Since commit 3c47d19ff4dc ("drivers: base: add coredump driver ops")
it is possible to initiate a device coredump from user-space. This
patch adds support for it in btmrvl_sdio adding the .coredump()
driver callback.
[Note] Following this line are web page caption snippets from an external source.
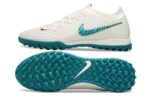 High-performance Nike Phantom GX II Elite Society soccer cleats in white with green accents, designe.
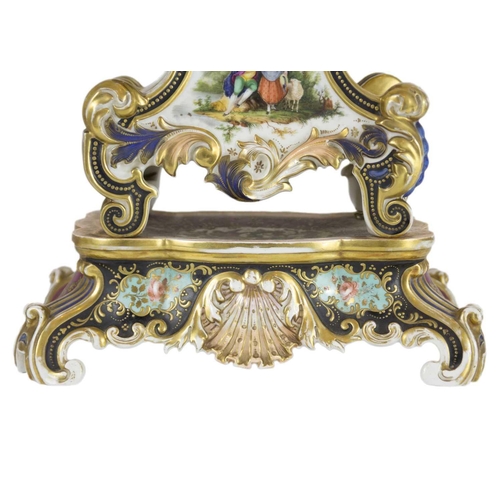 232 - A Paris porcelain mantel clock, 19th century. On stand, height 50cm, width 28.5cm.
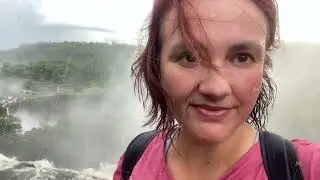 woman wet hair from water portrait making selfie in front of iguasu falls travel tourism places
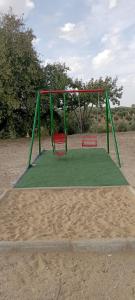 une aire de jeux avec une balançoire verte et rouge dans l'établissement Cortijo El Pajaroto, à Matanegra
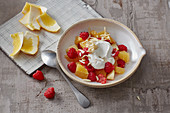 Fruit salad with a quark topping and almonds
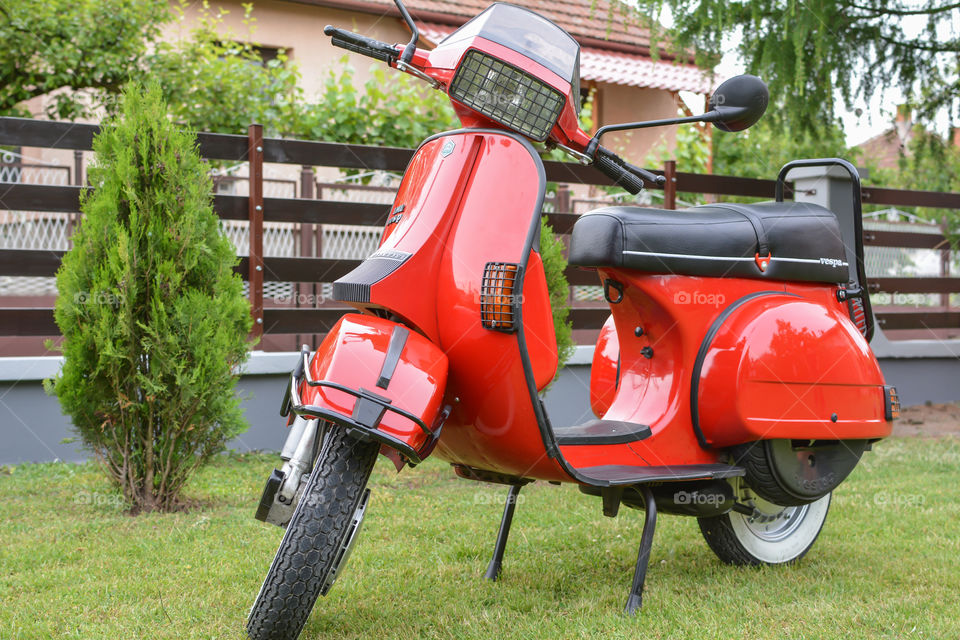 red italian classic vespa T5 motorcycle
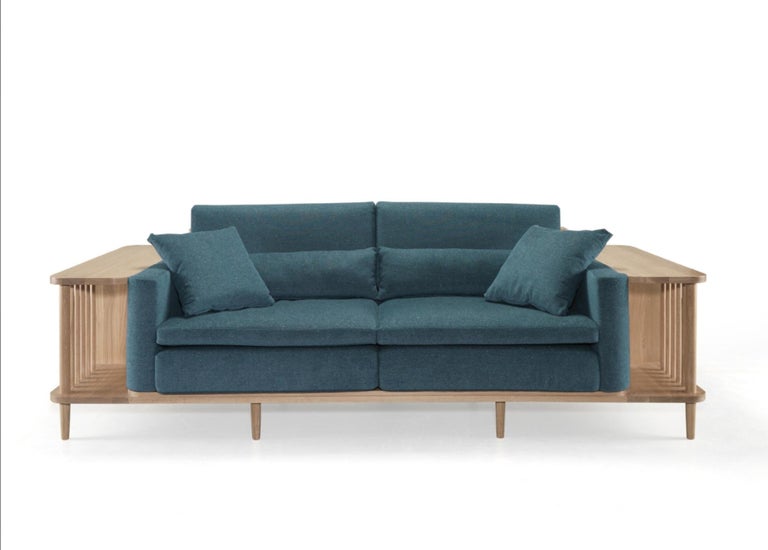 Designer's great comfortable sofa with surrounding wooden frame in solid highest quality wood. A sofa, a bookshelf and also a divider, perfect for an exclusive spac, specialized in designing, manufacturing and exporting solid wood furniture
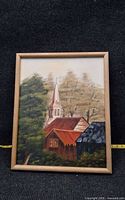Full view of framed country church painting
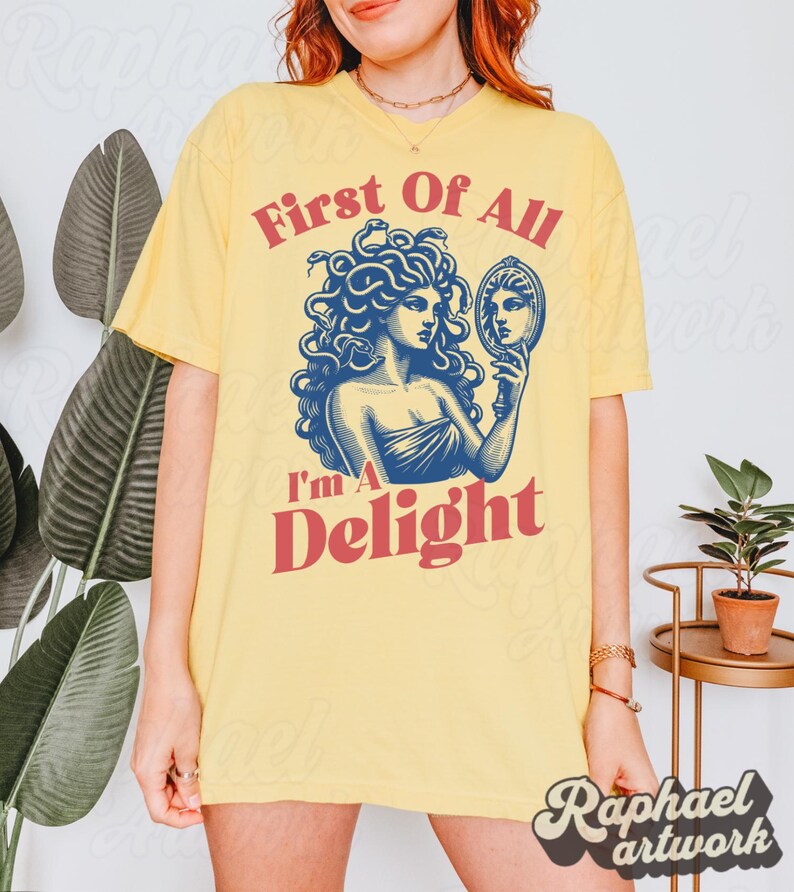 May include: A pale yellow t-shirt featuring a blue graphic illustration of Medusa holding a hand mirror. The text "First Of All" appears in red above the graphic, and the text "I'm A Delight" appears in red below the graphic.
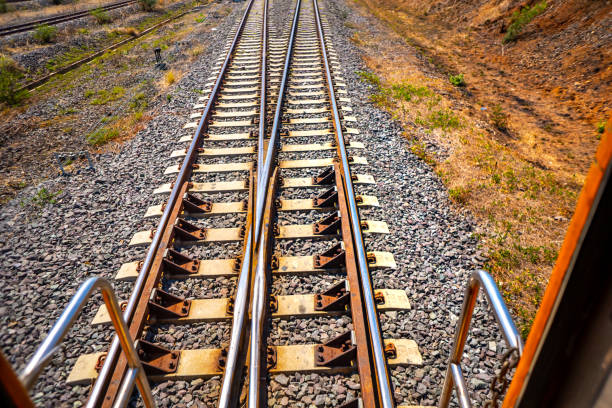 Railway train on hills on blue sky in country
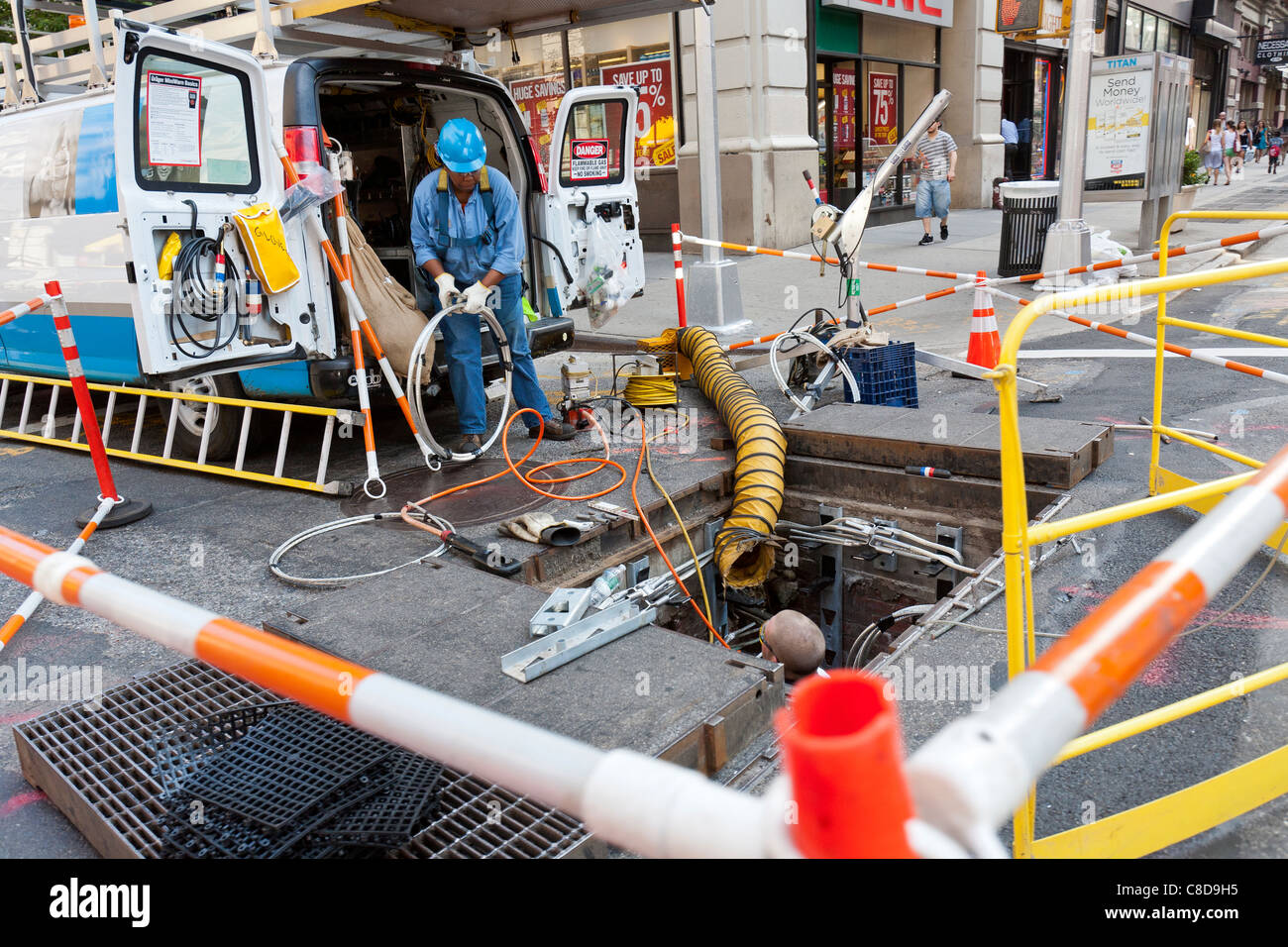 Public Utility Electrical Workers working and making repairs to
This makes dump through debugfs obsolete so removing
it.

Signed-off-by: Arend van Spriel <[email protected]>
---
drivers/bluetooth/btmrvl_debugfs.c | 31 -------------------------------
drivers/bluetooth/btmrvl_drv.h | 2 --
drivers/bluetooth/btmrvl_main.c | 6 ------
drivers/bluetooth/btmrvl_sdio.c | 18 ++++++++++++------
4 files changed, 12 insertions(+), 45 deletions(-)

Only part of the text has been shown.